En Catamayo, hace muchísimos años, vivía Sofía junto a su madre. Las dos trabajaban muy duro en el campo desde que amanecía. Recién al atardecer, muy cansadas, retornaban a la casa. con ese cansancio que se siente en los huesos después de todo un día en el campo. Pero Sofía era distinta; de algún lado sacaba fuerzas para atender a los niños del barrio. Los quería de verdad, con esa nobleza natural de la gente que da lo que no tiene, sin pedir nada a cambio.

Fue en una noche de feria cuando se cruzó con Juan. Él era un muchacho de buena cuna, de familia de dinero. Apenas se miraron, algo se les movió por dentro y ahí se selló su destino. Empezaron a verse a hurtadillas, esperando a que nadie en el pueblo los viera.  Se iban por los senderos de tierra,  cuidándose de que las sombras no los delataran.

Y los días que no podían verse, él le enviaba cartas llenas de promesas; papeles que ella guardaba debajo del colchón, bien escondidos, como quien guarda un tesoro entre la pobreza.

Pero en los pueblos el secreto dura poco. La familia de él terminó por enterarse y se armó el escándalo. No iban a permitir que su apellido se mezclara con el de una chica humilde.

Los jóvenes no se rindieron y, una noche, con la complicidad de un sacerdote, contrajeron matrimonio. Pero la dicha les duró apenas tres días. Tres días de panes compartidos y de no soltarse la mano.

Al cuarto día, Juan montó su caballo para ir a encarar a los suyos y ya no regresó. El animal volvió solo, desbocado y con el sudor seco bajo el polvo. A él lo encontraron horas más tarde, allá en una quebrada.
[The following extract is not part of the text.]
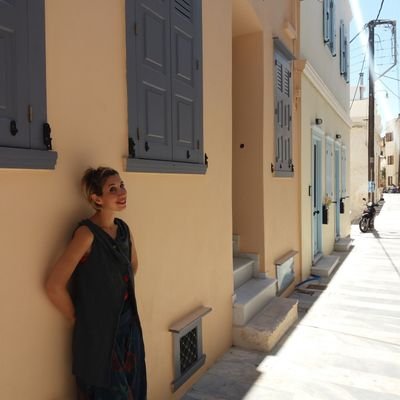 Daphne is a Creative Science Communicator. Collaborating with researchers & organisations she creates outreach & engagement material for audiences of all ages!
Todo indicaba que el caballo dio un mal paso y el muchacho se golpeó la cabeza contra una piedra.

Sofía sufrió muchísimo y no encontraba consuelo. Todos los días, a la caída de la tarde, se iba al panteón de San José a sentarse junto a la tumba donde lo habían dejado. Le hablaba en susurros, como si Juan pudiera escucharla a través de la piedra y el olvido.

Hasta que una noche se oyó un grito en el pueblo que le heló la sangre a todos. Un grito largo, desesperado, que venía de allá, del cementerio.

Unos cuantos se armaron de valor y fueron con lámparas de aceite. La encontraron tirada sobre la tumba, abrazada a la tierra, ya sin vida, con una lágrima tibia corriéndole todavía por el rostro.

Después de eso, la gente empezó a ver cosas extrañas. Luces que se movían entre las lápidas o sombras que pasaban despacio, como si alguien caminara tratando de no ser visto.

Los más viejos dicen que es el alma de Sofía, que todavía no encuentra descanso y sigue cruzando esa frontera invisible entre los vivos y los muertos para buscar a su esposo.

Otros afirman que, si alguien pasa por el panteón a medianoche, siente un aire tibio en la nuca y la clara sensación de que alguien camina detrás, aunque no se escuche ningún paso.

Los jóvenes, que crecieron escuchando esta historia, dicen que no hay que tenerle miedo, porque ella no busca hacer daño. Solo sigue atrapada en su tristeza. Todavía no logra aceptar que Juan ya no está y por eso continúa buscándolo entre las sombras y las cruces del cementerio.